Living better with heart failure by changing what you eat
Diet can dramatically lower hypertension and improve heart function in patients with a common type of heart failure, according to research presented at today's Heart Failure Society of America meeting in Orlando, Fla.
After 21 days of following a low-sodium Dietary Approaches to Stop Hypertension (DASH) eating plan, patients saw a drop in blood pressure similar to taking anti-hypertension medicine.
"Our work suggests diet could play an important role in the progression of heart failure, although patients should always talk to their doctor before making major dietary changes," says Scott Hummel, M.D., cardiologist at the University of Michigan Frankel Cardiovascular Center.
"We're excited to confirm these results in longer-term studies that also help us understand the challenges patients face when they try to improve their eating habits."
Heart failure with preserved ejection fraction, or "diastolic" heart failure, happens when the heart becomes stiff and does not pump out enough blood. The condition is found in more than half of older adults with heart failure. Although taking diuretics to help the body get rid of extra fluid is useful, this type of heart failure has no standard treatment.
The heart failure patients, most of them in their 60s and 70s, agreed to keep food diaries and eat only the meals prepared for them in the metabolic kitchen at the University of Michigan Clinical Research Unit.

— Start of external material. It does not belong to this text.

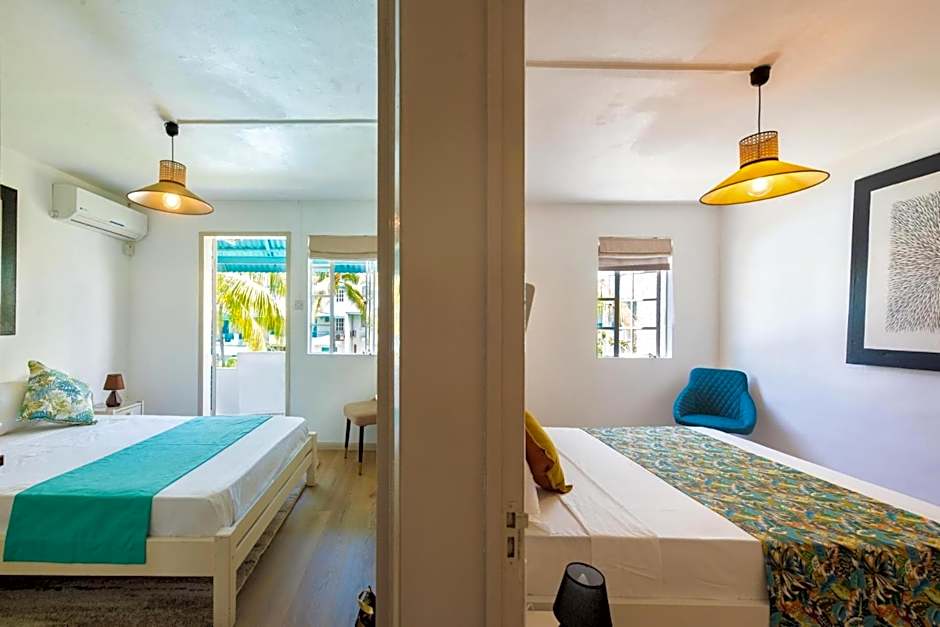 Cozy townhome near beach in heart of Grand Baie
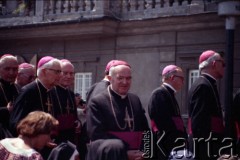 4.06.1979, Częstochowa, Polska.
Pierwsza pielgrzymka papieża Jana Pawła II do Polski w dniach 2-10 czerwca 1979 roku. Spotkanie Ojca Świętego z wiernymi na Jasnej Górze. Na zdjęciu biskupi katoliccy. 1. z lewej biskup siedlecki Jan Mazur, 3. z lewej biskup warszawski Jerzy Modzelewski,  4. z lewej biskup pomocniczy częstochowski Jan Musiel.
Fot. Edward Grochowicz, zbiory Ośrodka KARTA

The meals, which could be picked up and heated at home, matched the DASH diet eating plan, which is high in potassium, magnesium, calcium and antioxidants and is recommended for hypertension treatment by the National Institutes of Health and the American Heart Association.

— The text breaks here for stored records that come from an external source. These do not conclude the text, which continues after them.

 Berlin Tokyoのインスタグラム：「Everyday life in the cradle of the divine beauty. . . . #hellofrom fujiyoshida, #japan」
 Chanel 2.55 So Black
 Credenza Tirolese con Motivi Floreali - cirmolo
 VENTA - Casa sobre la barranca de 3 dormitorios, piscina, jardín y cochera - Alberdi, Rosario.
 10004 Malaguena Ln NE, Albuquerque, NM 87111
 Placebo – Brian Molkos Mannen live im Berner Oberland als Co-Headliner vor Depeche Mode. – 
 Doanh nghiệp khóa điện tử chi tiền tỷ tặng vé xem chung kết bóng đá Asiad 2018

The study diet also contained a daily sodium intake of no more than 1,150 milligrams. That's much lower than what adults in the United States usually eat – about 4,200 mg a day for men, and 3,300 mg a day for women.
Doctors have long known that the low-sodium DASH diet can lower blood pressure in salt-sensitive patients.
The U-M study, although small, showed the DASH diet can improve left ventricular relaxation and reduce diastolic chamber stiffness, meaning a more efficient transfer of blood between the heart and arteries, Hummel says.